I wanted to blog about my hiking experience on Friday, but because I am currently dependent upon other people's cameras, I don't yet have pictures. And while I can still write about the hiking trip, it's not going to be the same without the pictures. Especially the pictures of the carnivorous plants. You'll just have to wait for that one (but hopefully I have you curious enough to keep coming back).

So instead I'm going to write about the second half of my 4th of July day. Or at least the part of the second half of the day that I chose to miss after I enjoyed hiking and barbecuing and chatting with friends and getting splashed multiple times by the eight-person cannonball, and was content and ready to go home for an evening to myself. What I chose to miss was the fireworks, because honestly, fireworks have never really been my favorite part of the 4th of July.

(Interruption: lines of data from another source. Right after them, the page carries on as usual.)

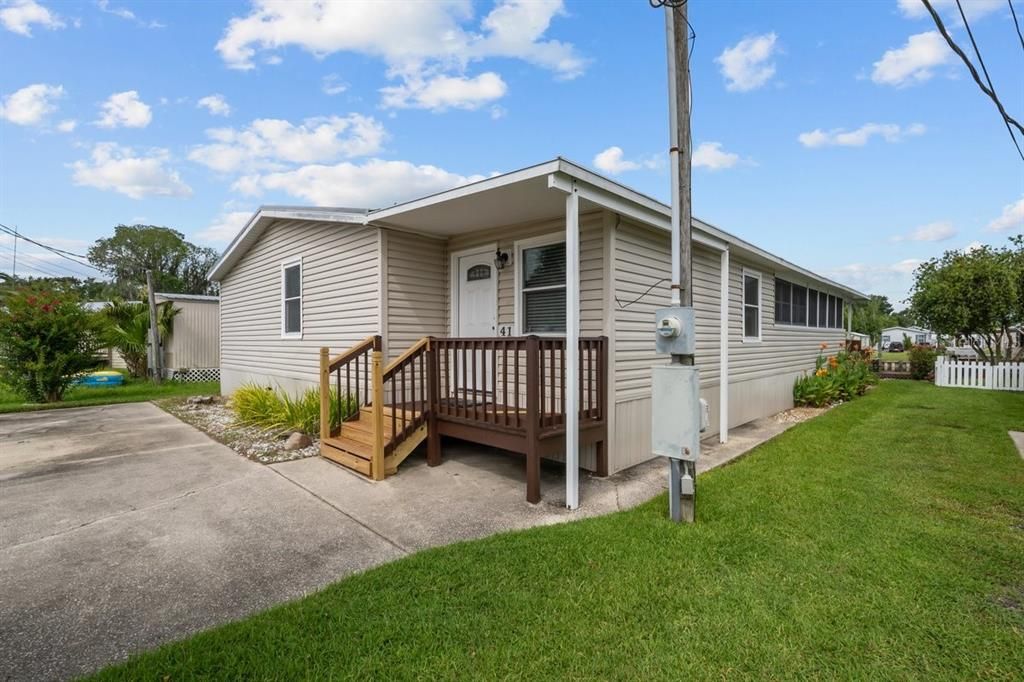 For Sale: $329,900 (3 beds, 2 baths, 2080 Square Feet)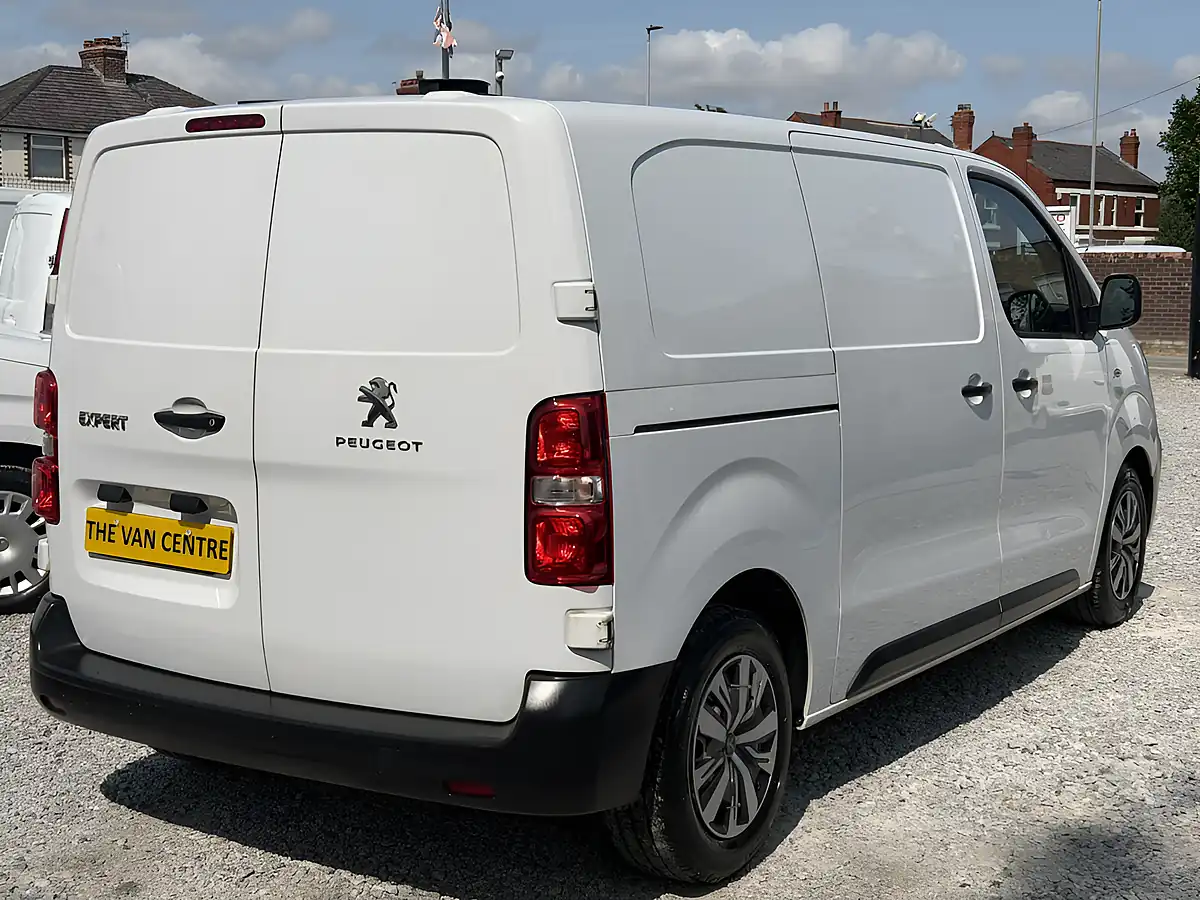 Used 2022 Peugeot Expert Professional Premium L1 White - Interior and Exterior details 9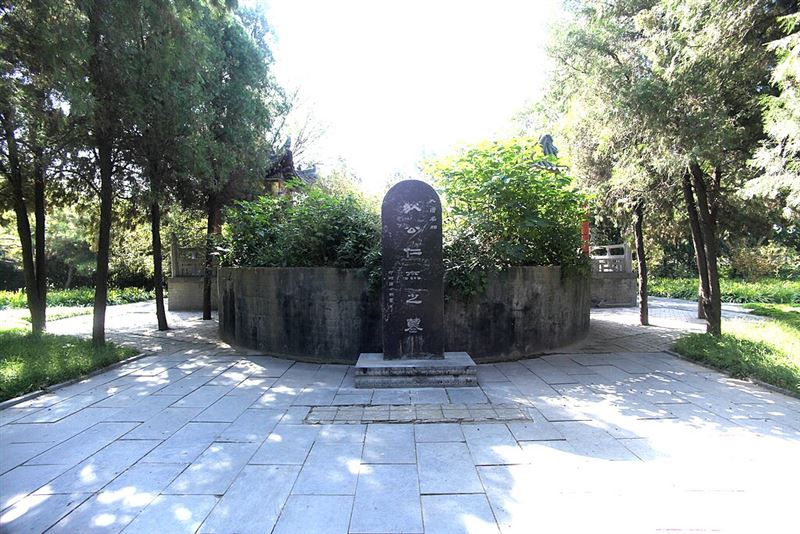 白馬寺古墓,有人認為是狄仁傑,也有人認為是武則天男寵薛懷義,存有爭議。如今古墓上已由地方文物部門掛上文物公示牌,顯示是狄仁傑墓。(圖/翻攝維基百科)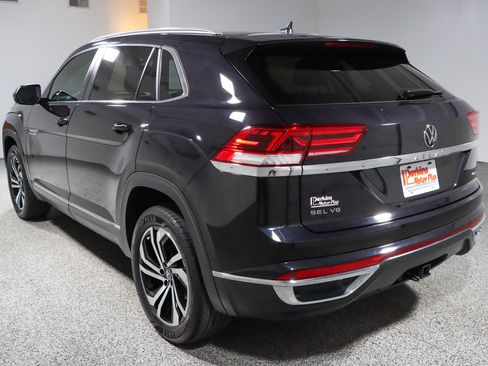 Used 2023 Volkswagen Atlas Cross Sport SEL AWD/4WD image 9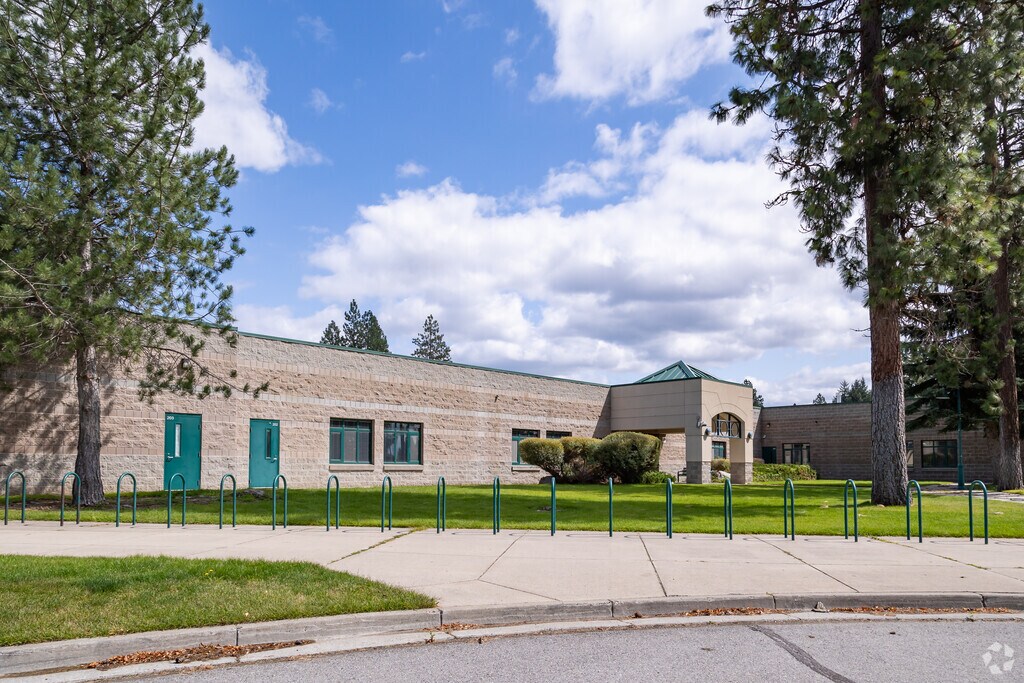 Student drop off zone at Woodlands Middle School in Ramsey Woodland.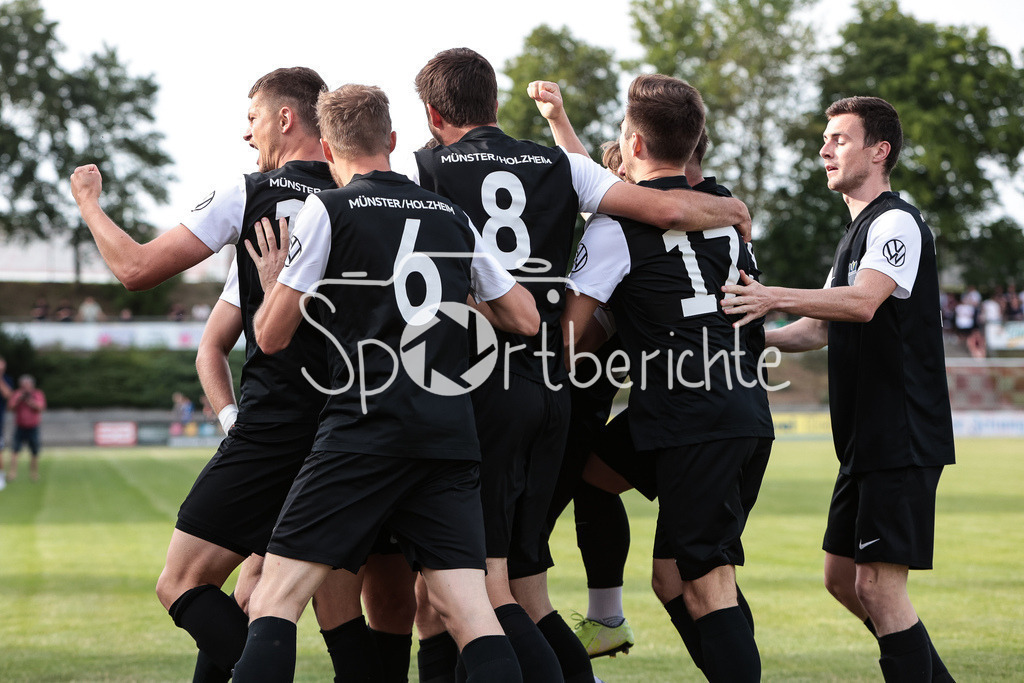 SG Münster/Holzheim - TSV Inchenhofen | Jubel nach 1-0 durch Münster #10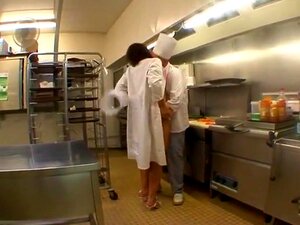 Matez cette brune amateur chaude et coquine satisfaire son vieux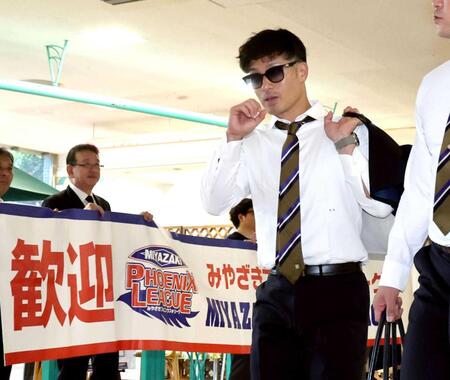 　宮崎空港に到着した坂本（撮影・田中太一）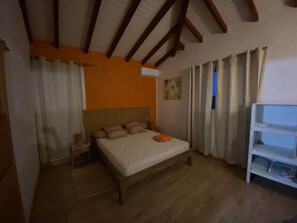 3 chambres, fer et planche à repasser, Wi-Fi, literie fournie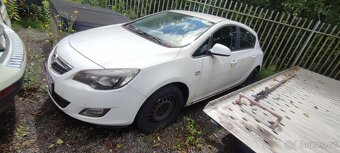 Opel Astra J 1.3 cdti rok 2012 náhradní dily - 6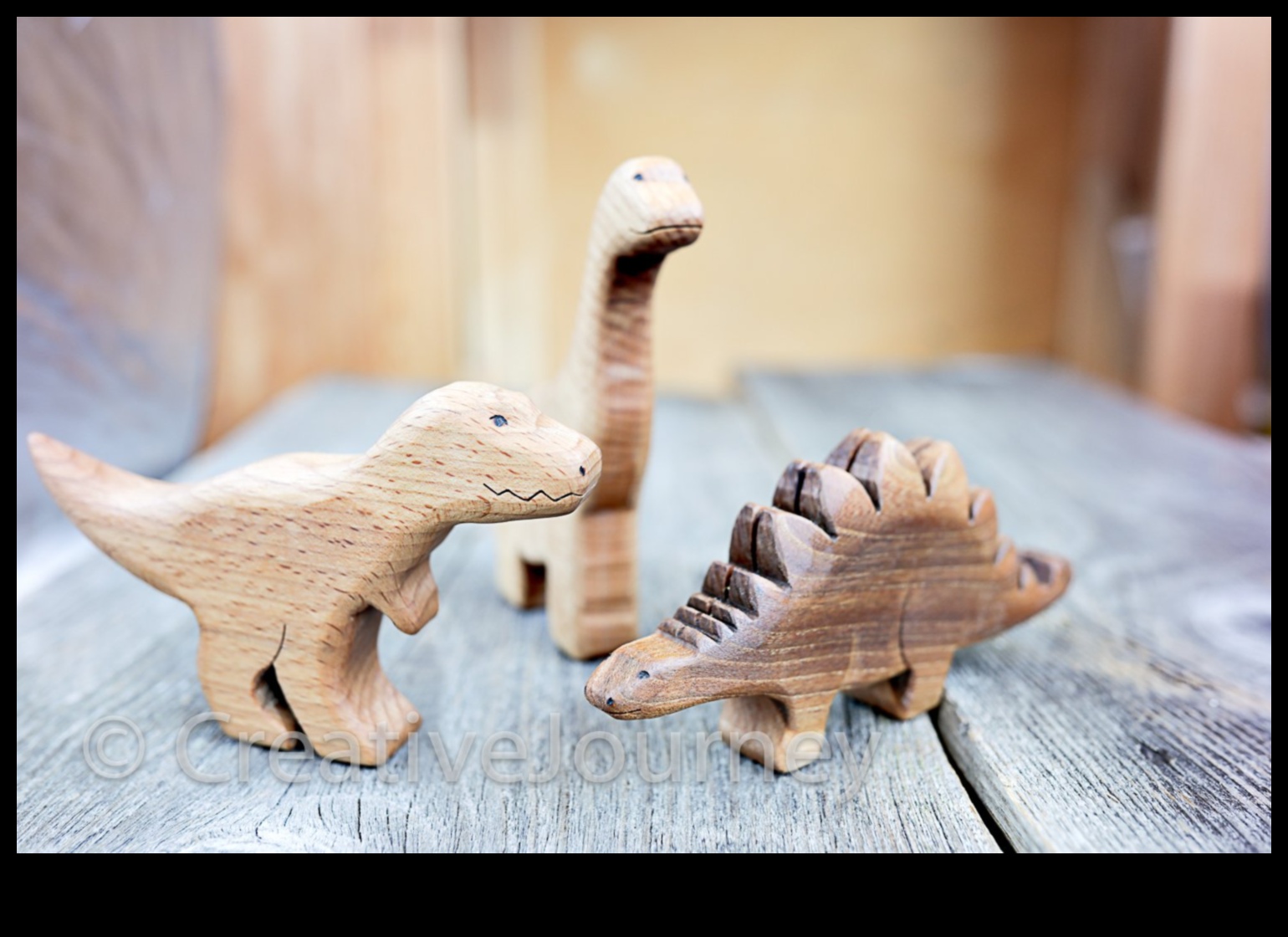 Izgrebšana: koka rotaļlietu izgatavošana rotaļīgiem priekiem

This goes way back, really. I have vivid memories of sitting on a blanket on the grass in Colorado one 4th of July when I was 5 or 6 years old, with my eyes closed and my hands held firmly over my ears, just waiting for the show to end so that I could stop being scared. And if you think about fireworks from the perspective of a 5-year-old (which many parents unfortunately do not when they drag their 5-year-olds to fireworks shows) they are, frankly, terrifying. There's the noise, for one thing, which is not dissimilar to the noise of a squirrel exploding, a memory that must have been all too fresh in my mind at the time. And if the noise doesn't terrify you, all the fireworks look like they're going to fall on you. It takes a lot of faith to believe that the little flames will die out before they actually reach the grass where you are sitting. And it really taxes a 5-year-old's faith to continue to believe that several dozen times in a row with no reprieve. Especially when the adjacent field bursts into flames (which is exactly what happened that year).

I'm not afraid of fireworks anymore, and have not been for a very, very long time. But fireworks really have not been a part of my 4th of July for most of my adult life. In Provo I would usually go up to my grandma's for a family gathering. There would be sparklers and cousins and trooper cake, but my grandma would shoo me home before too late so that I wouldn't fall asleep at the wheel on the hour drive back. And so I would enjoy (noiseless) fireworks only in the distance over Utah Valley as I made my way back to my apartment. I never really felt like I was missing out.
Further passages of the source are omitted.